— REQUIRED WORK —
Nothing but the lines below from the one holding "2023 Nissan Rogue Image 19" up to and including the one holding "originele Volkswagen Tiguan" should be copied, exactly and without pictures.
*** Opening SUPPLIED RECORDS ***
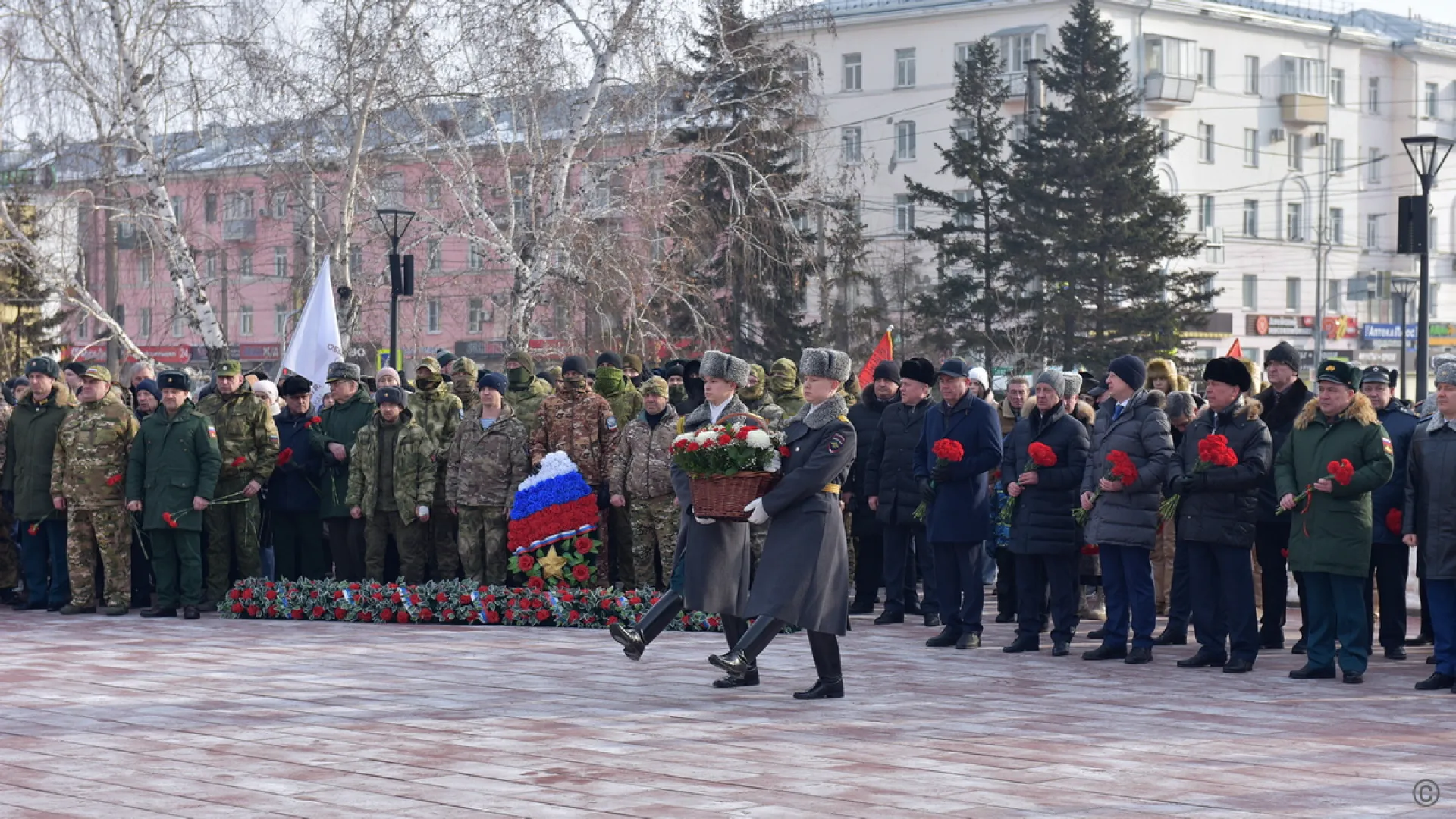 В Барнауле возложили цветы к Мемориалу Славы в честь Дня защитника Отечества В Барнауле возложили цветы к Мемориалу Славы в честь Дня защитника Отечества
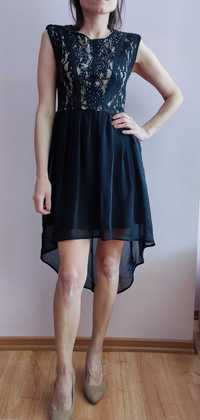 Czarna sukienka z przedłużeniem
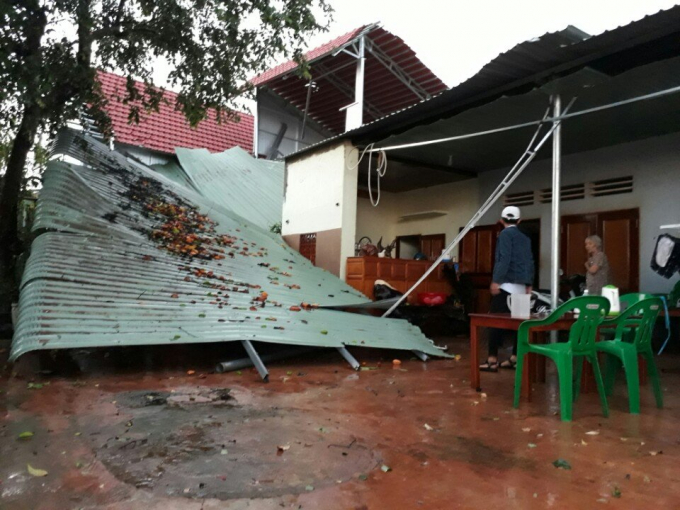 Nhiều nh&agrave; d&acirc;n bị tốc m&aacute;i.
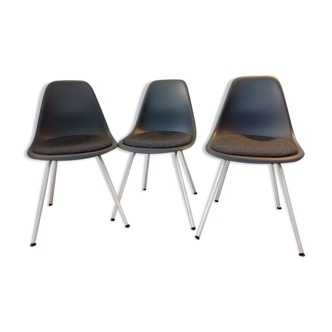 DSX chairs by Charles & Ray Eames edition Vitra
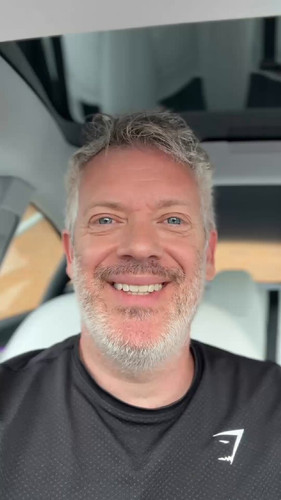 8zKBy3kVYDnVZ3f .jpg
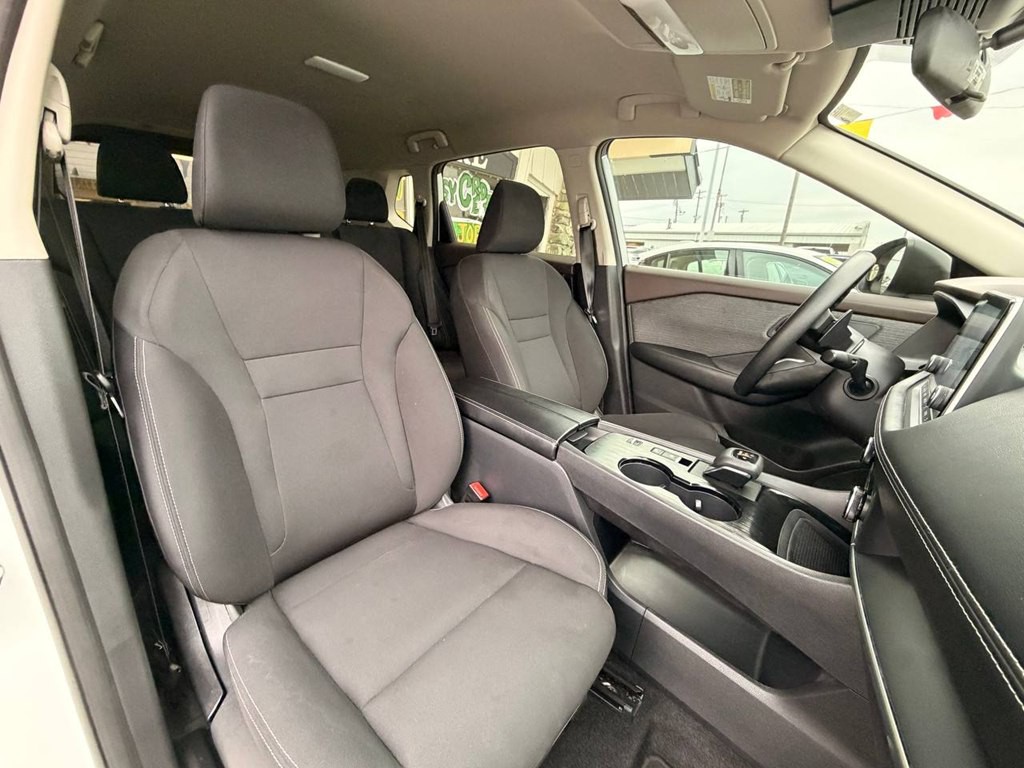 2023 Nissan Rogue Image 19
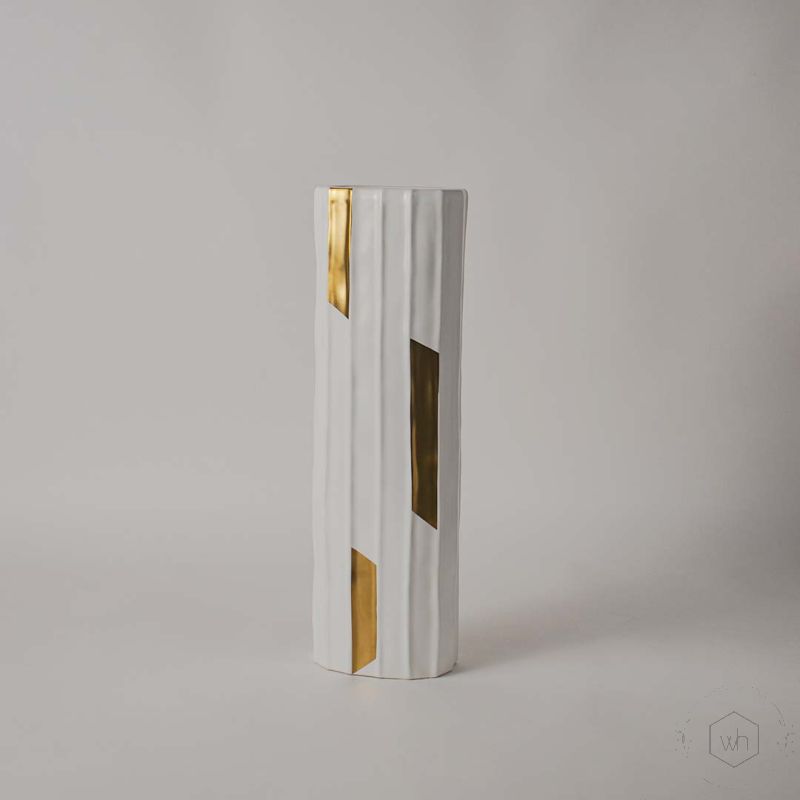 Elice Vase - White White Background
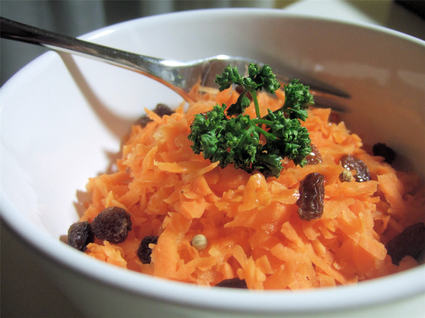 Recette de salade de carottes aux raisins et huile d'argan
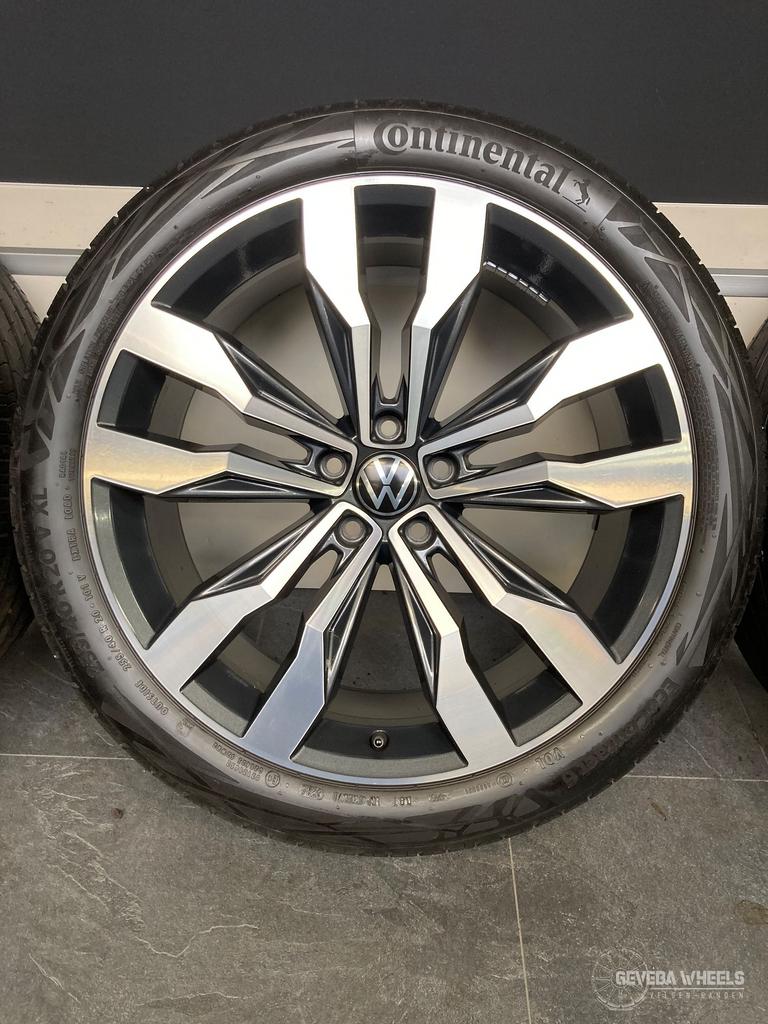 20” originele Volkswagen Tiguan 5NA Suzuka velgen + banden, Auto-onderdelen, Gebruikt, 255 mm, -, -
*** Closing SUPPLIED RECORDS ***
*** Opening SUPPLIED RECORDS ***
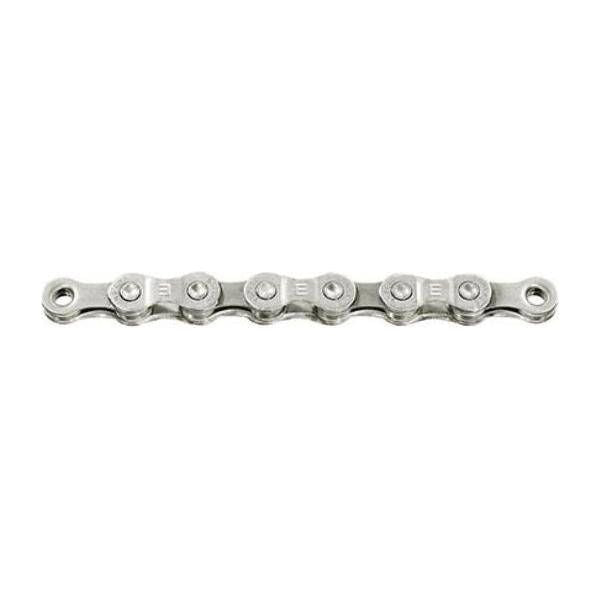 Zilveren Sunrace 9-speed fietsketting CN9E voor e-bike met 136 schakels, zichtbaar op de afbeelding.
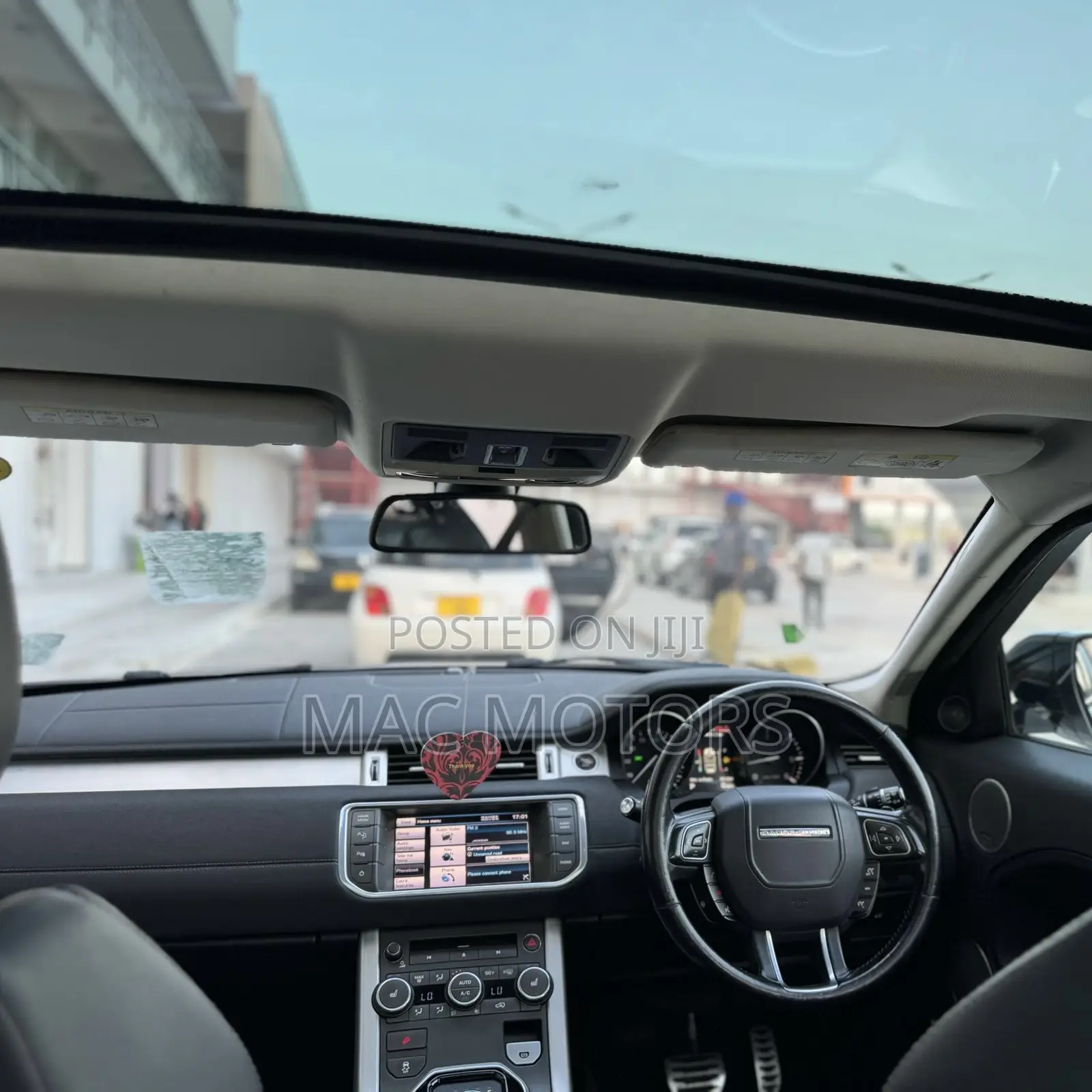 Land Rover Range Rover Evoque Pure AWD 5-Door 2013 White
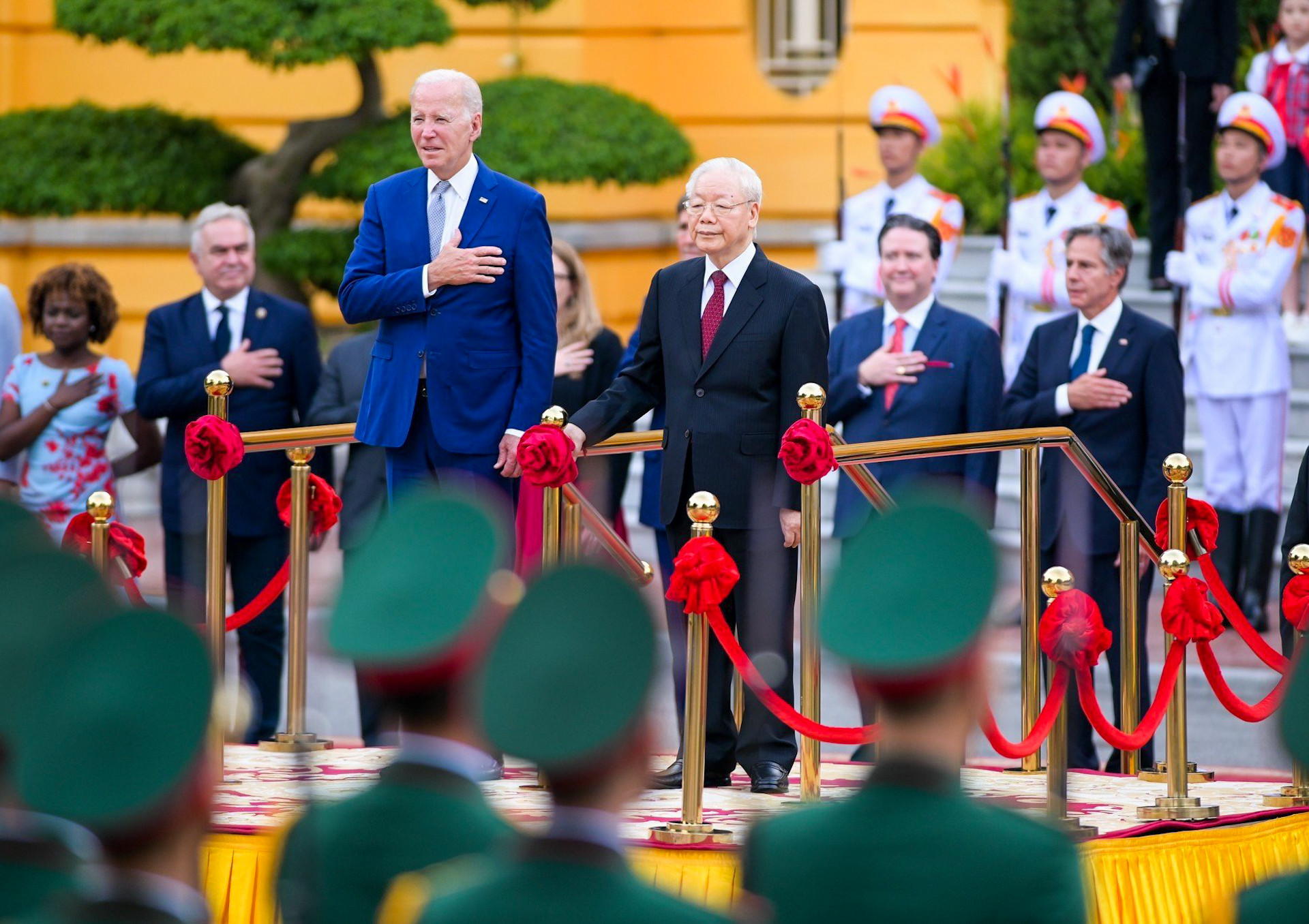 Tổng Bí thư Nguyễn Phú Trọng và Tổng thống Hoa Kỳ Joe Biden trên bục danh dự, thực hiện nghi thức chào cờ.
*** Closing SUPPLIED RECORDS ***
— RESPONSE BELOW —
 2023 Nissan Rogue Image 19
 Elice Vase - White White Background
 Recette de salade de carottes aux raisins et huile d'argan
 20” originele Volkswagen Tiguan 5NA Suzuka velgen + banden, Auto-onderdelen, Gebruikt, 255 mm, -, -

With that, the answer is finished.